No temas al olor (Juan 11, 3-45)

La pobreza y la marginación huelen mal. Uno de los rasgos de todos los barrios que sufren la marginación es la suciedad y la basura que se ve por las calles, y el olor denso y sucio que desprenden en las tardes calurosas. La corrupción, por el contrario, sólo huele mal cuando se destapa.

Mantenemos una apariencia digna y respetable, pero en nuestro interior se revuelven los más bajos instintos: el odio y el rencor, la lascivia y la avaricia, la cobardía y la violencia. La corrupción la mantenemos tapada y lejos de las miradas de los demás.

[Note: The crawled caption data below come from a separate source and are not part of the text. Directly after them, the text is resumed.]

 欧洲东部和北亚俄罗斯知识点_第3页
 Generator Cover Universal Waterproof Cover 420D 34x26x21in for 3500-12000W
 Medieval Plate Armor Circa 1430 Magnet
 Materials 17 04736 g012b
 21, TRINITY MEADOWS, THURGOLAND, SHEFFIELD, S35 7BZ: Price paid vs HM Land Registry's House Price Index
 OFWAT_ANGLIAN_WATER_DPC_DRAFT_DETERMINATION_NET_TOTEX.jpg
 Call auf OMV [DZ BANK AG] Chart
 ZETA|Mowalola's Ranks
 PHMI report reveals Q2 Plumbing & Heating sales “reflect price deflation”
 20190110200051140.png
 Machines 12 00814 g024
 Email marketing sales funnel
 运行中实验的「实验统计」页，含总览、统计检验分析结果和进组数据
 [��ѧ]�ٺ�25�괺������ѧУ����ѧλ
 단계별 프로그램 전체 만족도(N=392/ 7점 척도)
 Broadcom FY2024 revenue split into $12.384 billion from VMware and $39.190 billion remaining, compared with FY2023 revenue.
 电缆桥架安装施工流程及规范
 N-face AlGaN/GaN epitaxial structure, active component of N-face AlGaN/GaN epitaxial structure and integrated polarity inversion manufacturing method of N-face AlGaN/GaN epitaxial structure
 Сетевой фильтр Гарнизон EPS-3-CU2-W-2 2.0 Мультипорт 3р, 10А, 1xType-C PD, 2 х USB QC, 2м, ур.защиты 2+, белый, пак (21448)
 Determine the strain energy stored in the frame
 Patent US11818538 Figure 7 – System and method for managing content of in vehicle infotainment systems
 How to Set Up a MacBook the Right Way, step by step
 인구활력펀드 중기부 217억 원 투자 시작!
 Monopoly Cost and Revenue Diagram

Pero, si crece sin medida y se adueña de nosotros, comienza también a hacer daño a los demás; un daño que es hondo y cruel en muchas ocasiones.

El mal olor de los barrios que sufren la marginación es causa de la falta de esperanza de los jóvenes, de la desestructuración de las familias, de que el paro y la falta de cultura se han hecho crónicas, de la falta de cariño de la personas por su propio barrio. El mal olor de la corrupción es el egoísmo enquistado de quien considera a todos como instrumentos a su servicio; un egoísmo que es capaz de asesinar los sentimientos de bondad, la amistad, el amor y hasta la propia fe.

No podemos dejar que la corrupción se adueñe de nosotros y envenene todo lo que tocamos. No podemos dejar que nuestra corrupción nos haga insensibles e indiferentes ante la situación de pobreza y marginación de nuestro pueblo.

¡Abre, Señor, nuestros sepulcros y que entre el aire fresco de tu amor en nuestra vida! Sana nuestras corrupciones; da nueva vida a nuestra existencia. Sólo muriendo contigo podremos tener tu vida plena. Como a Lázaro, llámanos a vivir junto a ti.